▶ _Assignment_
Nothing but the lines from the one containing "Paysage rocheux des iles du Frioul" through the last line of the data below should be returned, each copied exactly.

▶ _Given entries_
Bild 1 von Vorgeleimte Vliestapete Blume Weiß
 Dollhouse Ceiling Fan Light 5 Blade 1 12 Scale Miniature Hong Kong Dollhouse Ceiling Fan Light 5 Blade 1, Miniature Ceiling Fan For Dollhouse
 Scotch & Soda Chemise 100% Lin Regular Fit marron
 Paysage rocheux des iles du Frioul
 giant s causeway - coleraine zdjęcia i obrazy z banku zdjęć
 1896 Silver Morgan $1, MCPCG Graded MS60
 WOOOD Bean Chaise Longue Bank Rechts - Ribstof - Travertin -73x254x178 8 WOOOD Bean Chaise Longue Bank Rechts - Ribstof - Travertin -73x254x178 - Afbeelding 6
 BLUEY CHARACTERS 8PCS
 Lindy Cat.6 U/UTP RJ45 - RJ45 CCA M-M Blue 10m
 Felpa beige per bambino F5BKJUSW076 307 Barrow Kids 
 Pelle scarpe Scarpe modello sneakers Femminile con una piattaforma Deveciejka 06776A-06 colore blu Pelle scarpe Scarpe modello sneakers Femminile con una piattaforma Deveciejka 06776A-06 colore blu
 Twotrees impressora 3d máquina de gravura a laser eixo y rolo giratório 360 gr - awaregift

▶ _Problem solution_
 Paysage rocheux des iles du Frioul
 giant s causeway - coleraine zdjęcia i obrazy z banku zdjęć
 1896 Silver Morgan $1, MCPCG Graded MS60
 WOOOD Bean Chaise Longue Bank Rechts - Ribstof - Travertin -73x254x178 8 WOOOD Bean Chaise Longue Bank Rechts - Ribstof - Travertin -73x254x178 - Afbeelding 6
 BLUEY CHARACTERS 8PCS
 Lindy Cat.6 U/UTP RJ45 - RJ45 CCA M-M Blue 10m
 Felpa beige per bambino F5BKJUSW076 307 Barrow Kids 
 Pelle scarpe Scarpe modello sneakers Femminile con una piattaforma Deveciejka 06776A-06 colore blu Pelle scarpe Scarpe modello sneakers Femminile con una piattaforma Deveciejka 06776A-06 colore blu
 Twotrees impressora 3d máquina de gravura a laser eixo y rolo giratório 360 gr - awaregift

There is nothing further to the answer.